___ DATA TO EXAMINE
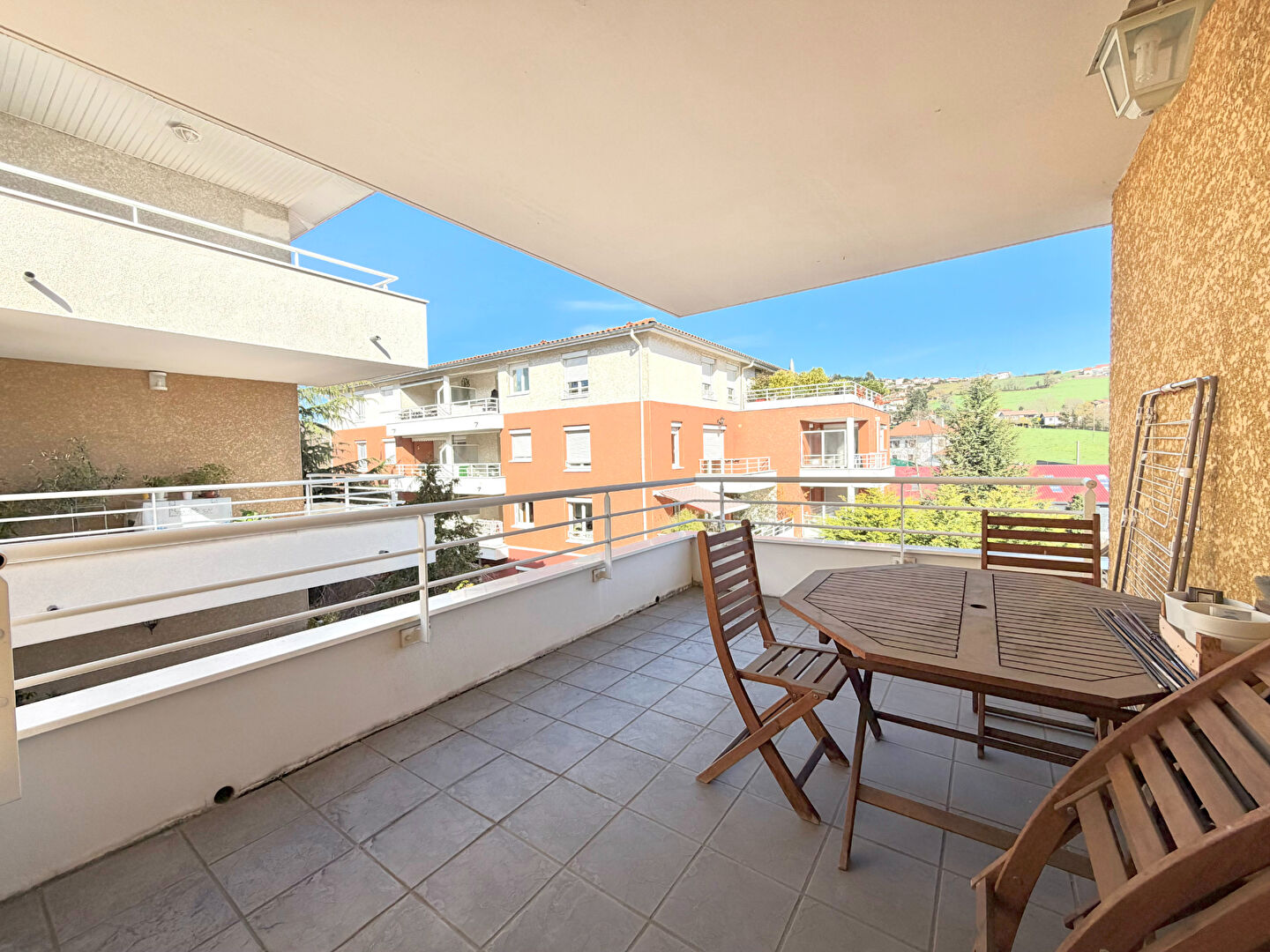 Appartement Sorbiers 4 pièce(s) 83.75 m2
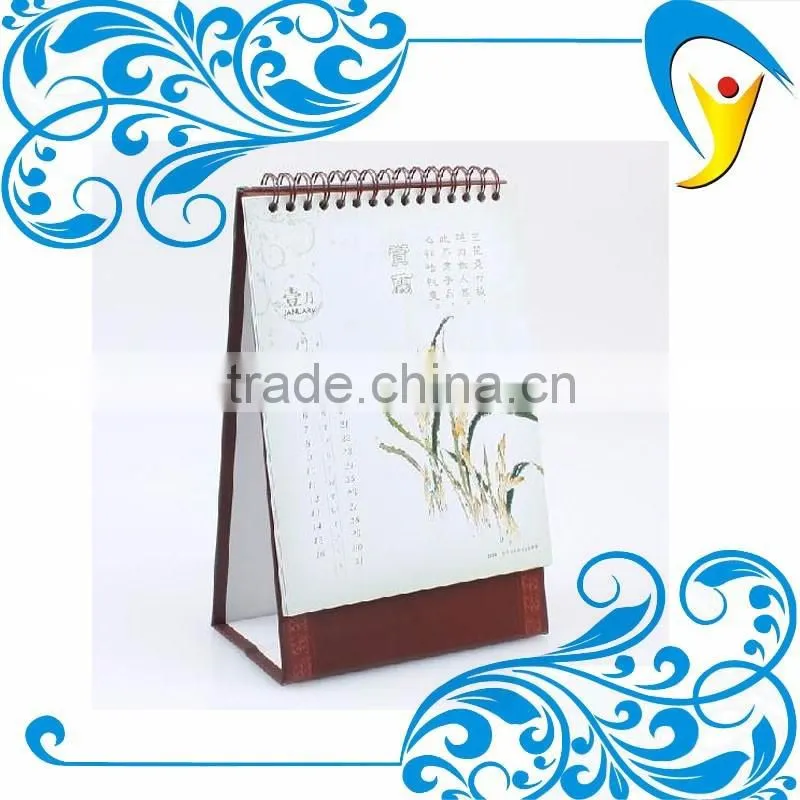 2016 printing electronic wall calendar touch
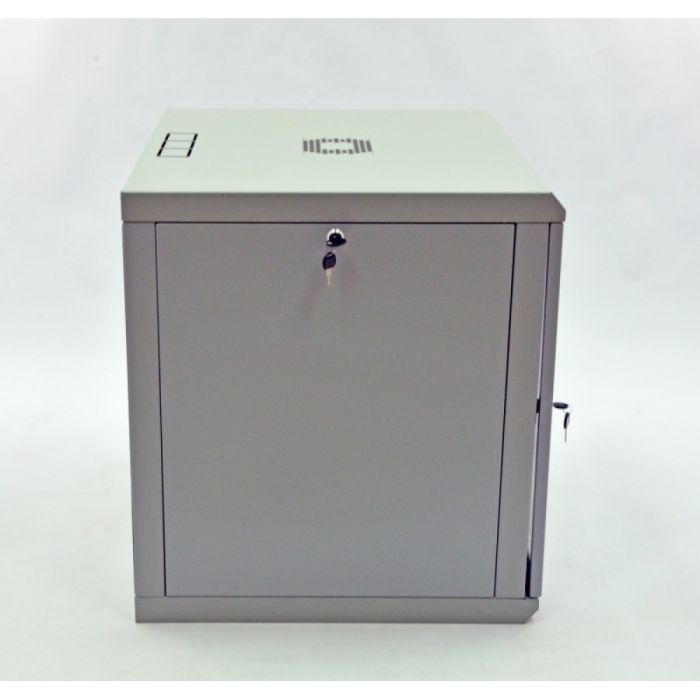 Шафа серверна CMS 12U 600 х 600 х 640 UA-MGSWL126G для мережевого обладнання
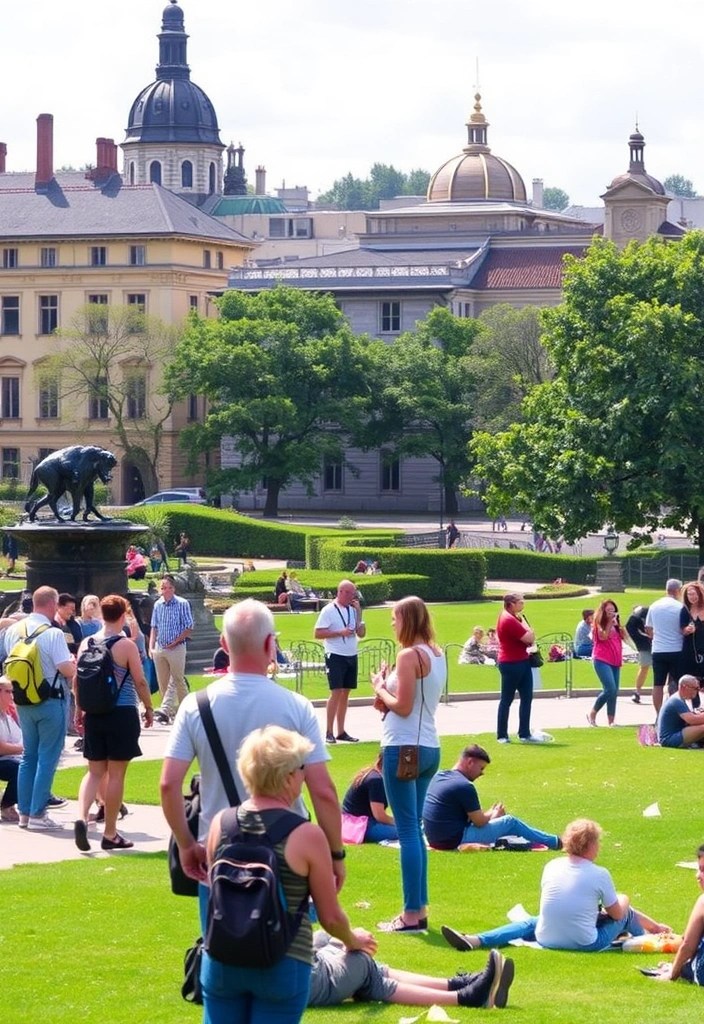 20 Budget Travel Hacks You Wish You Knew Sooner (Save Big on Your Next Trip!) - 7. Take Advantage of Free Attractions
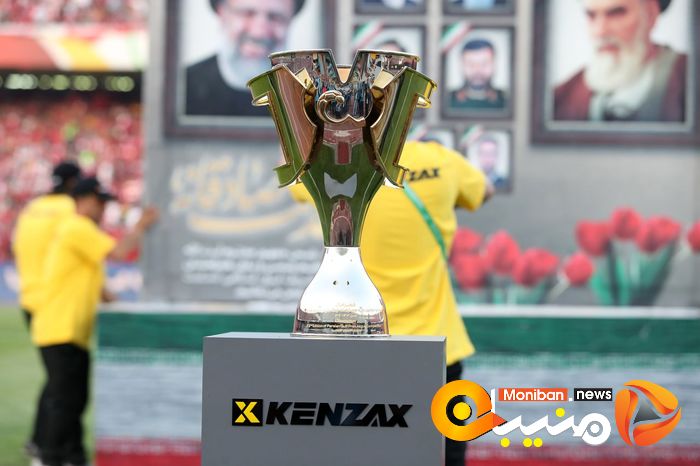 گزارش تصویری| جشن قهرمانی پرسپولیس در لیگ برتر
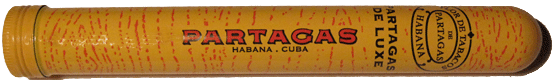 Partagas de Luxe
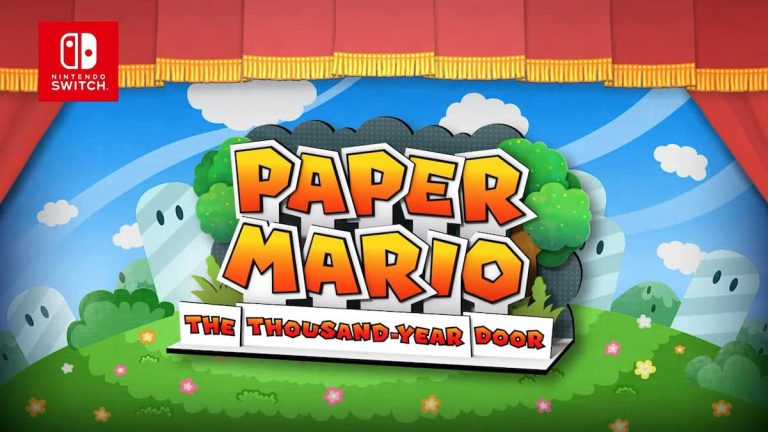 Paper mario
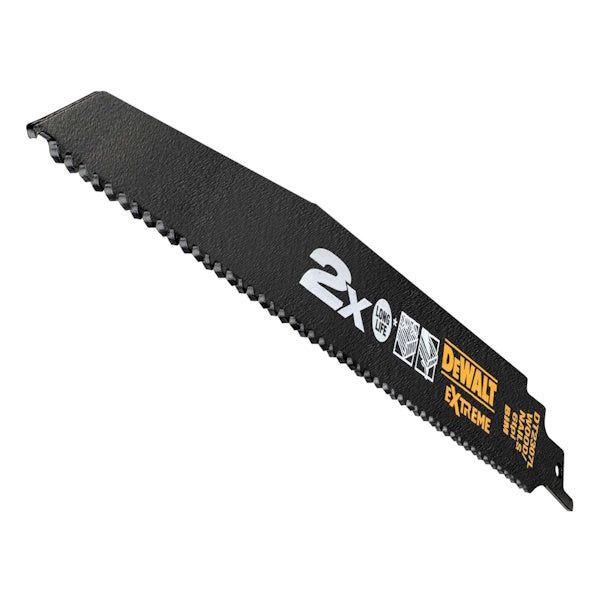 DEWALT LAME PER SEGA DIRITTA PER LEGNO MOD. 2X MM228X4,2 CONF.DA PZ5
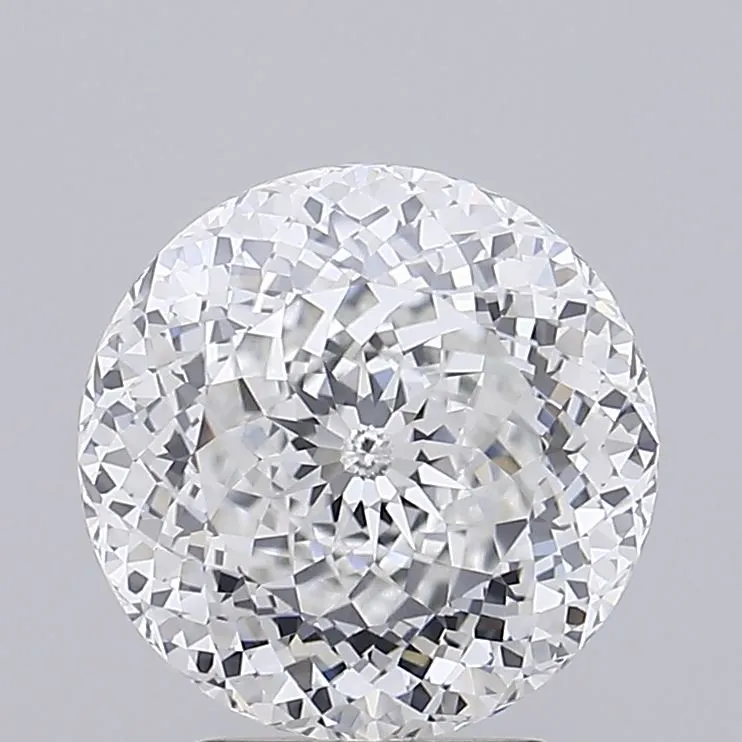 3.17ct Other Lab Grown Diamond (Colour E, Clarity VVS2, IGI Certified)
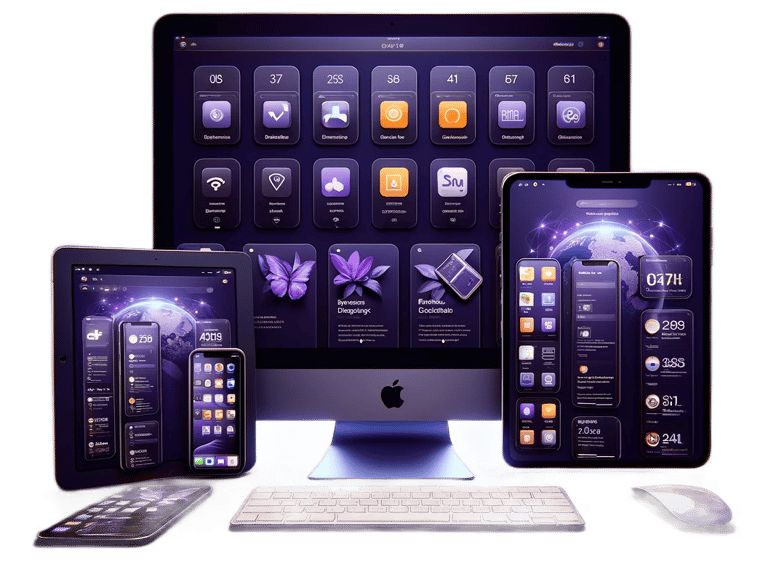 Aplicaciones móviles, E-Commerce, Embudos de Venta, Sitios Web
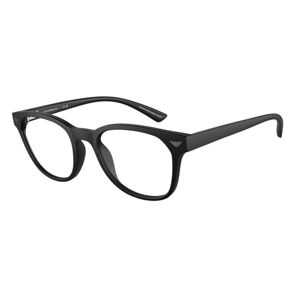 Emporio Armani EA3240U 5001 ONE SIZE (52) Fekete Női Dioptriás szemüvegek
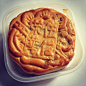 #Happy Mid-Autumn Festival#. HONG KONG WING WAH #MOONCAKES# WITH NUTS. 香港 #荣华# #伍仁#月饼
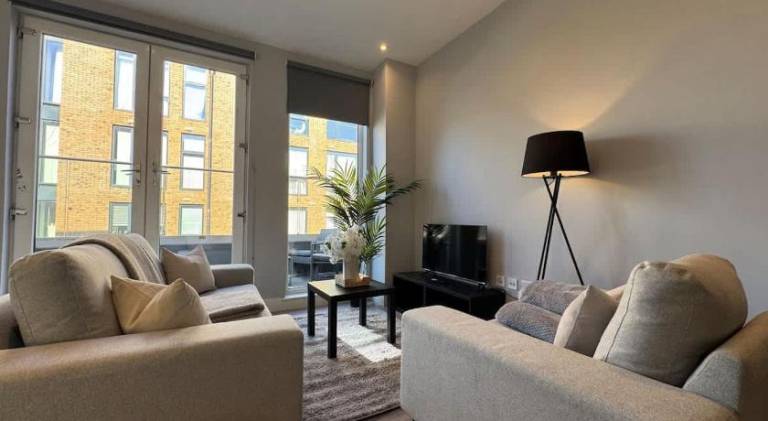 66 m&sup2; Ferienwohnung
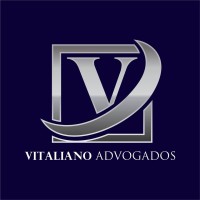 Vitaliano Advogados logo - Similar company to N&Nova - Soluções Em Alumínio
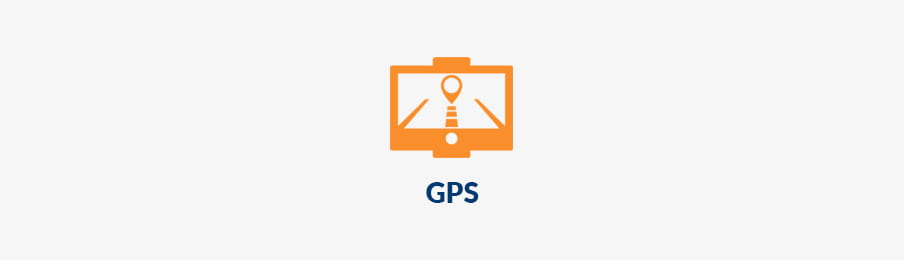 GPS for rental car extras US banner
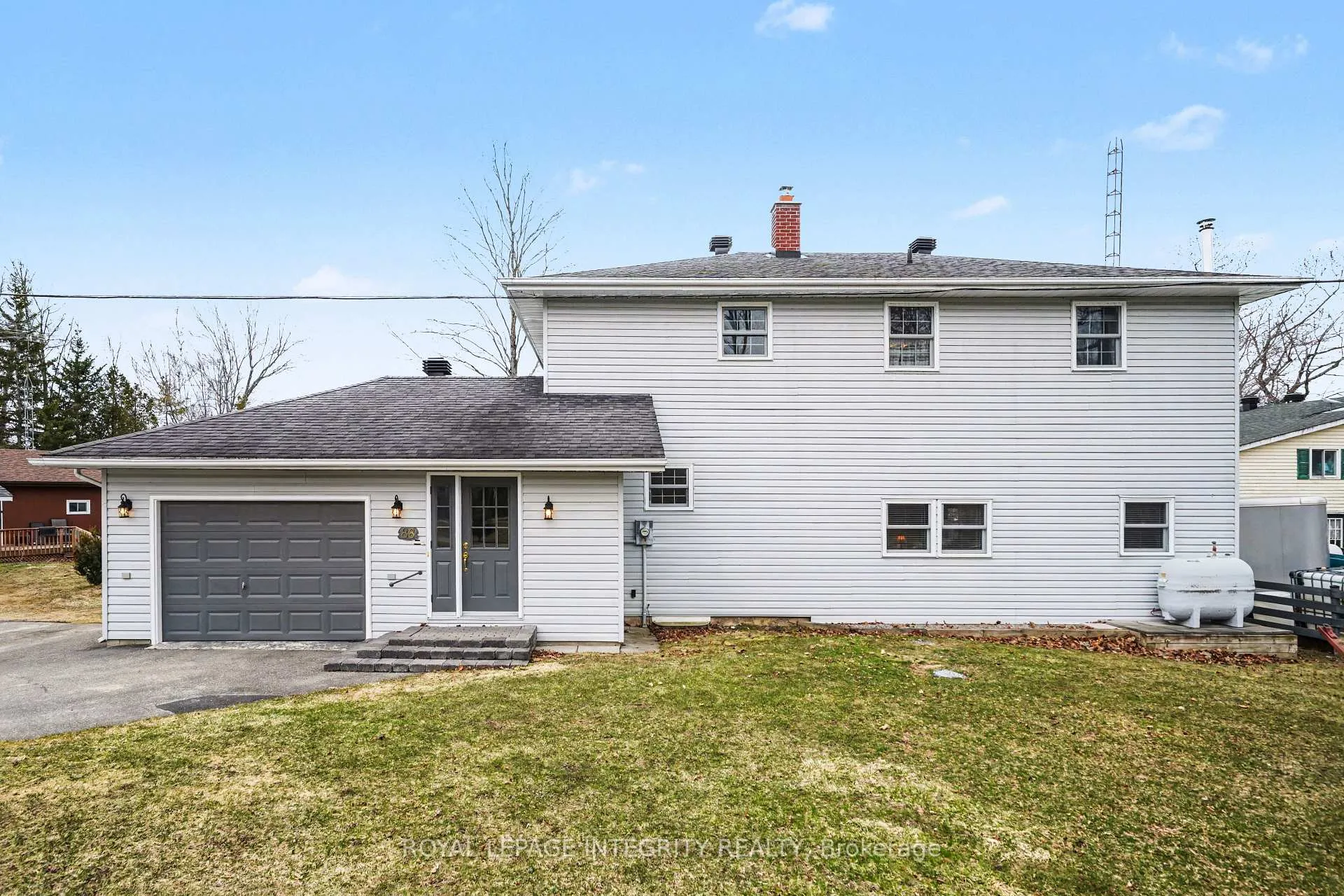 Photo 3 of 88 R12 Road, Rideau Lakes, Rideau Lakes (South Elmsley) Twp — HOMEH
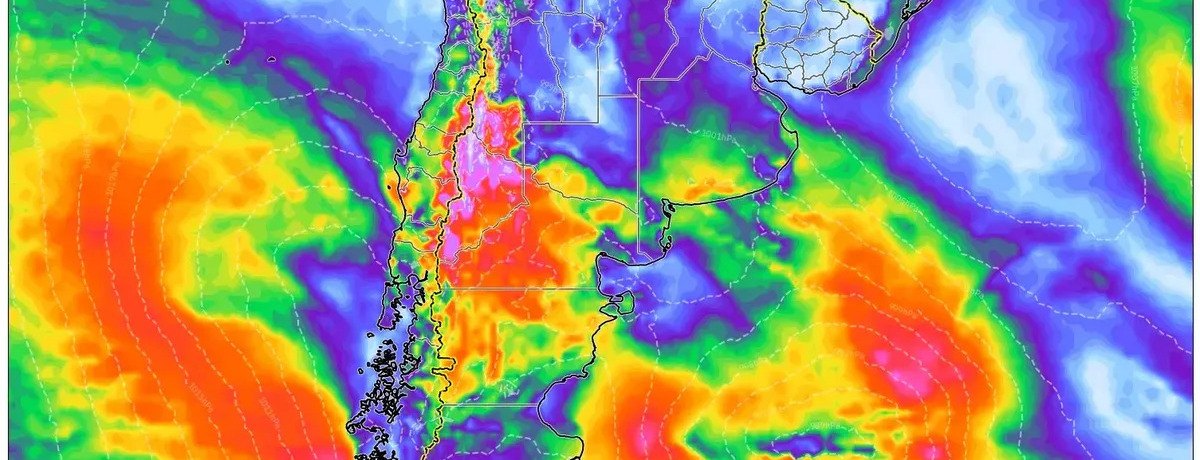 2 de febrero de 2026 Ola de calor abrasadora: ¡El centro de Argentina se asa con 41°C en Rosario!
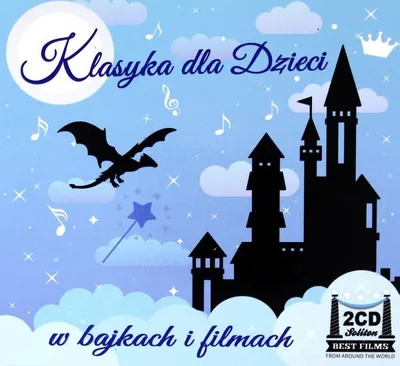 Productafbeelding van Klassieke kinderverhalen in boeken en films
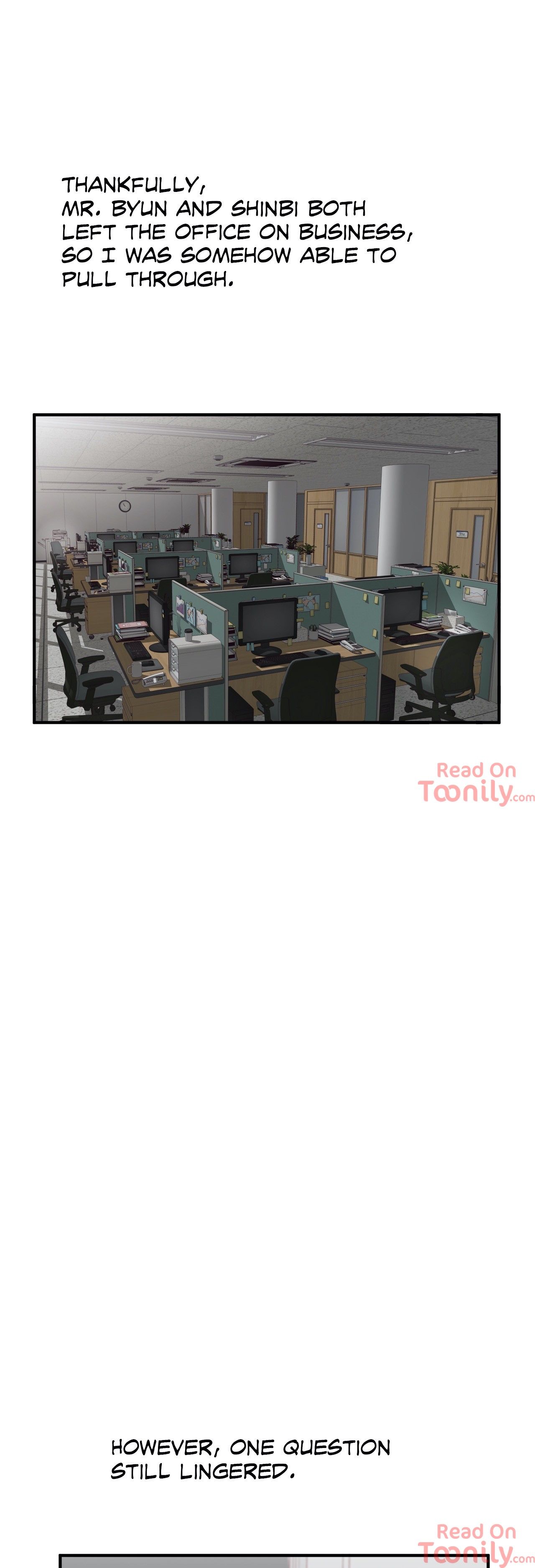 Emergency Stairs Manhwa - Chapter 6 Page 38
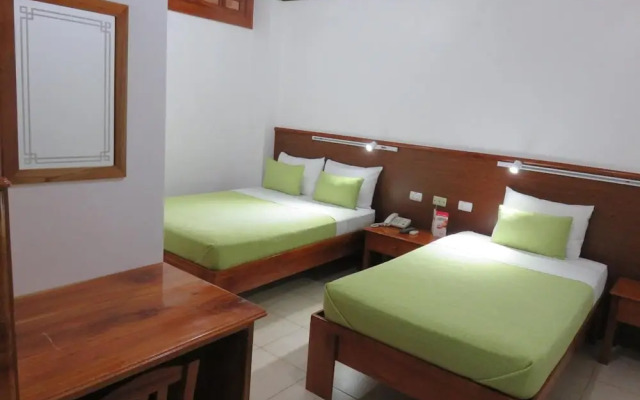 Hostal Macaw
______
In the records above, find the line that contains "Emergency Stairs Manhwa - Chapter 6 Page 38" and repeat exactly that line and all lines after it to the end. Do not include pictures.

 Emergency Stairs Manhwa - Chapter 6 Page 38
 Hostal Macaw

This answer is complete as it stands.